Back in college, I was very involved in the student-run dance club on campus, not only as a dancer and choreographer, but as an officer in the club. My friends and I took our leadership roles very seriously, always looking for creative new opportunities to perform, ways to recruit new dancers, gimmicks to advertise our shows, offer more classes and club activities, and so on.
As passionate and dedicated as I was to the Colby Dancers, I remember dreading our weekly club meetings, and not because of the “boring” official business stuff (even at age 19 I had a deep appreciation for process and structure). The club officers would present our latest ideas about club events or improving our offerings, only to have the other members (who were good friends of ours!) point out a million reasons why our proposed changes wouldn’t work.
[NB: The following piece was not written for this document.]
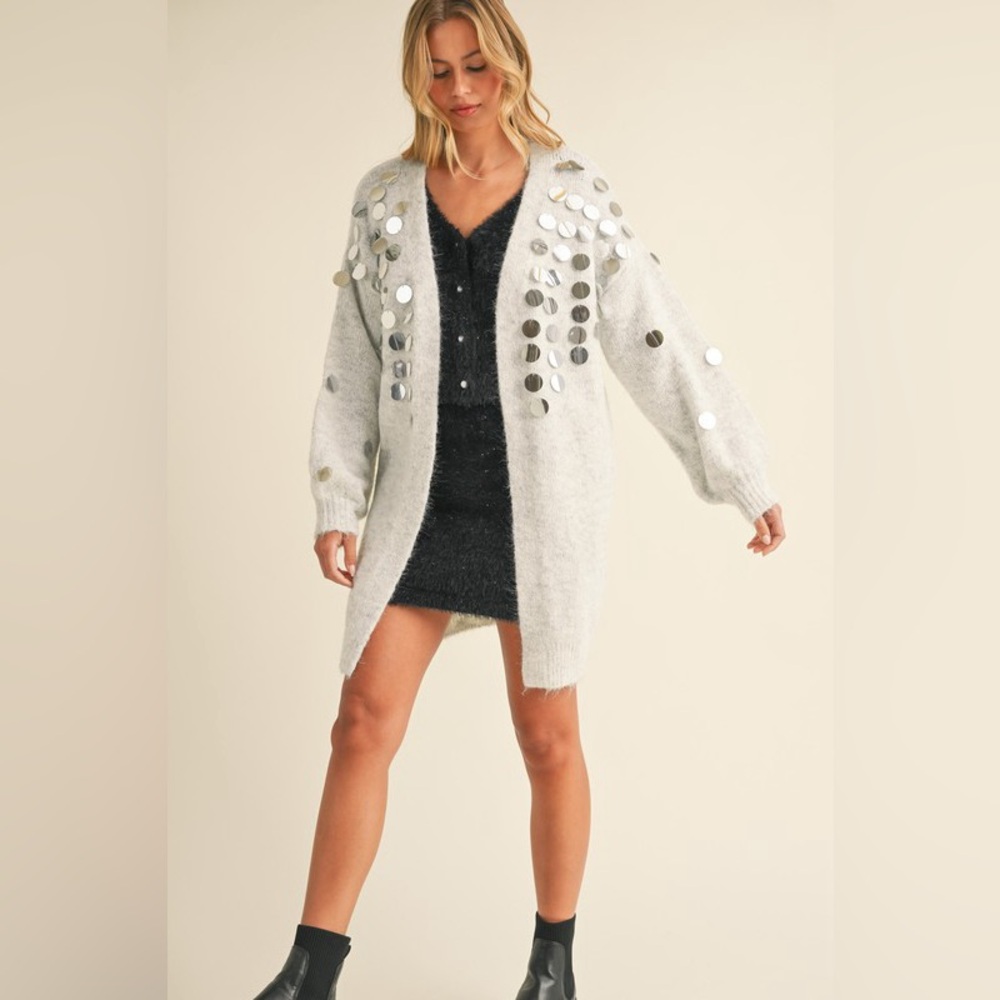 Sequin Oversized Sweater Cardigan in Grey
“I like that idea, but....”
Obviously, no one loves having their ideas shot down, but what actually bothered me was that no one would propose other, better ideas. We’d explain the rationale behind our ideas and the problems we were looking to improve, and ask for new suggestions, only to hear silence.
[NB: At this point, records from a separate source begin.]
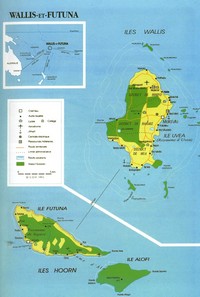 Carte de Wallis-et-Futuna avec les lycées, les collèges, les aérodromes, les forêts, les récifs coraliens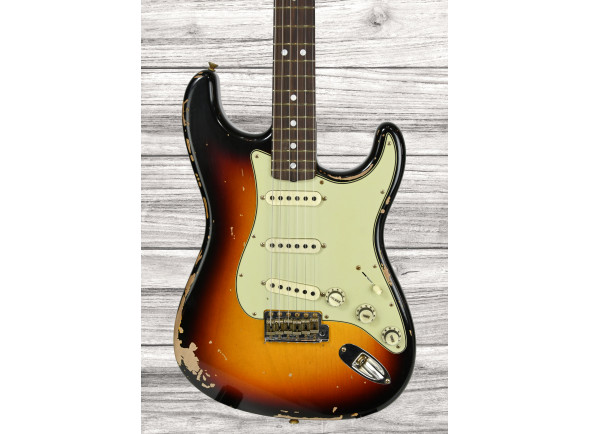 Fender Custom Shop  Guitarra elétrica/Guitarras formato ST Fender Custom Shop Michael Landau Signature 1968 Stratocaster Round-Laminated Rosewood Bleached 3-Color Sunburst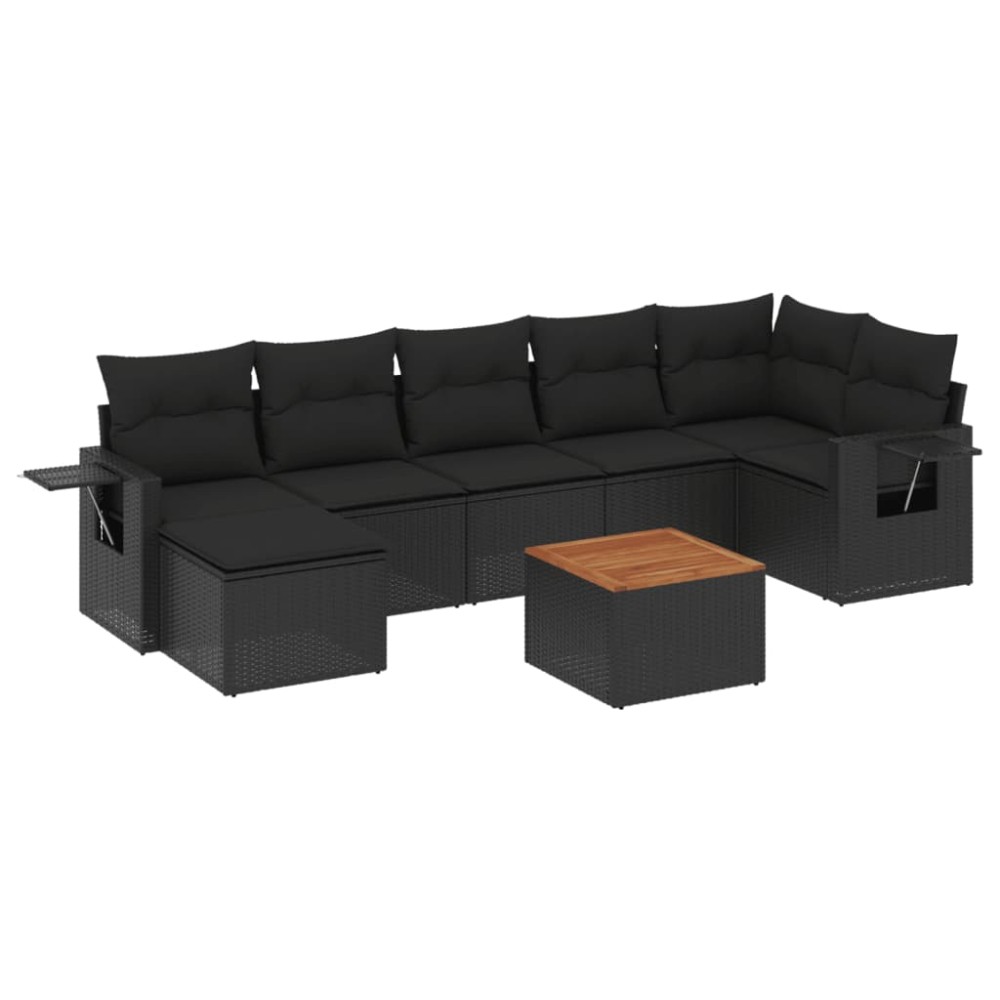 vidaXL Set mobilier de grădină cu perne, 8 piese, negru, poliratan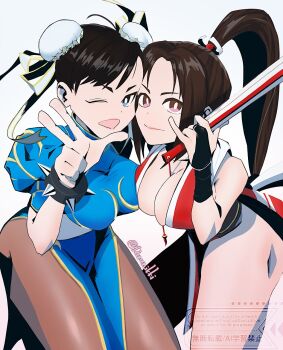 2girls artist_name blue_dress bracelet breasts brown_hair capcom china_dress chinese_clothes chun-li cleavage closed_mouth crossover darunikki double_bun dress female_focus folding_fan hair_bun hand_fan holding holding_fan japanese_clothes jewelry large_breasts long_hair matching_hair/eyes motoyui multiple_girls obi one_eye_closed open_mouth pantyhose pelvic_curtain sash shiranui_mai snk spiked_bracelet spikes street_fighter thick_thighs thighs v watermark wink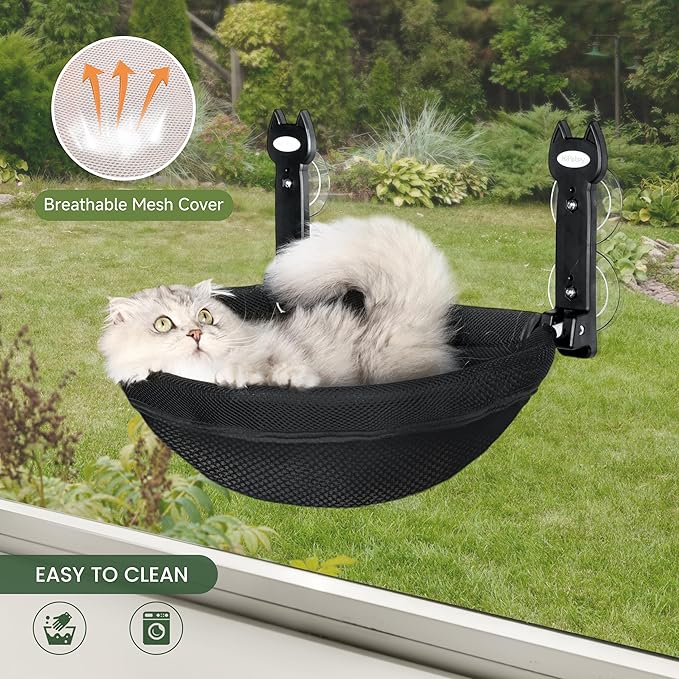 HiPetpy Cat Window Perch, Foldable Cat Hammock with Sunken Design, Breathable Cordless Window Bed with Stud Metal Frame for Large Cats and Kitten (Black Deep Perch, Medium)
That was my first experience with the common group phenomenon I call the overeager nay-sayer.
I’m sure you’ve encountered this in your work: to facilitate a change, a few people (maybe the leadership team or a special working group) will propose ideas to solve a problem that is affecting a larger group. Often this problem is something that people have been complaining about for weeks or months. But once an idea is put forward, the nay-saying starts, the idea is tabled, and status quo is resumed. And no one is any better off.
“I really wish we could do something about ....”
I’ve since learned a great technique to introduce organizational change with minimal nay-saying: appreciate inquiry. The idea behind appreciate inquiry is that it’s much easier to get people on board for change and open to new ideas when you start the discussion with “what’s working well?” as opposed to “what’s not working?” You get people talking about what they like about the status quo, how the current method of doing things benefits them, and how you can expand on these positive aspects.
This strategy has two immediate benefits:
The group starts off in a good mood because you are talking about positive experiences and outcomes.
The earliest nuggets of ideas for improvement come from the group, and these organic, spontaneous suggestions are less threatening than proposed, fully formed ideas that came from an authority (whether real or perceived).
The great thing about appreciate inquiry is that often the conversation about what’s good indirectly highlights what’s not-so-good, since they are two sides of the same coin. Then you can get consensus on how and why change would help everyone, and you can start narrowing down the options and plan a course of action. I wish I knew about appreciative inquiry back in my college days. We could have danced our way to organizational change much more effectively.